DATA SUPPLIED:
-- Opening Marker --

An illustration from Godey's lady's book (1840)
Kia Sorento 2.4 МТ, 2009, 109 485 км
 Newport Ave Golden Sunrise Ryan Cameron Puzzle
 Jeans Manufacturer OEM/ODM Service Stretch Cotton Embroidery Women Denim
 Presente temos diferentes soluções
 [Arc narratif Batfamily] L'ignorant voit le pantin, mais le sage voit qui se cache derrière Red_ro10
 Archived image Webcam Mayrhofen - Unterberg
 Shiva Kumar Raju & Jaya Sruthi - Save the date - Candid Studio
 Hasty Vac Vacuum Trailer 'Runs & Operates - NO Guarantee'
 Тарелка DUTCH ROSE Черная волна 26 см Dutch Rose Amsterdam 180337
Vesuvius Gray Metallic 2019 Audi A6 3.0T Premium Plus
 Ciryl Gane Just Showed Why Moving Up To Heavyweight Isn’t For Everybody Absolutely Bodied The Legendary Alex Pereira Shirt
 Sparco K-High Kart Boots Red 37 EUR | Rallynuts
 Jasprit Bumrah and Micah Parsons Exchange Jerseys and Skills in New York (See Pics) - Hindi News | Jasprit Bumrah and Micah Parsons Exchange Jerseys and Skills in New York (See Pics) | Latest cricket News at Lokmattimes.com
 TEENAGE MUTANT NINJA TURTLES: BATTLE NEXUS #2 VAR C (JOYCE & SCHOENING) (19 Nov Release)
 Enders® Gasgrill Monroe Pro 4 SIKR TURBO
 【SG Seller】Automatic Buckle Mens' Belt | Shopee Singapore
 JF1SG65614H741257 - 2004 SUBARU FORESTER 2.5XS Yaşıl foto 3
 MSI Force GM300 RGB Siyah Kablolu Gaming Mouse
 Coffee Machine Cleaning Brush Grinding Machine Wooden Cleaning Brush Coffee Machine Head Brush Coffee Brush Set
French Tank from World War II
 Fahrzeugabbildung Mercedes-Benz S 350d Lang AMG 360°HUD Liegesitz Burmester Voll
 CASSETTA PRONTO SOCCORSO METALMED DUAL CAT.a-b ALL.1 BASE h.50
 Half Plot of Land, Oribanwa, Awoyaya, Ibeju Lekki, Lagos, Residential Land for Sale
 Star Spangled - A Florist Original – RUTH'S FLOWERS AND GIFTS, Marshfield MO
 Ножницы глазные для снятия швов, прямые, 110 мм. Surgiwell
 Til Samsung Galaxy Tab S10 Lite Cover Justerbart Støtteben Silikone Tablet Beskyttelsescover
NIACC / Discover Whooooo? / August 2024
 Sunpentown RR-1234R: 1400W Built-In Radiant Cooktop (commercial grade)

-- Closing Marker --

INSTRUCTIONS TO FOLLOW: Go through the records and copy each line with "from" in it.

RESULT BELOW:
An illustration from Godey's lady's book (1840)
French Tank from World War II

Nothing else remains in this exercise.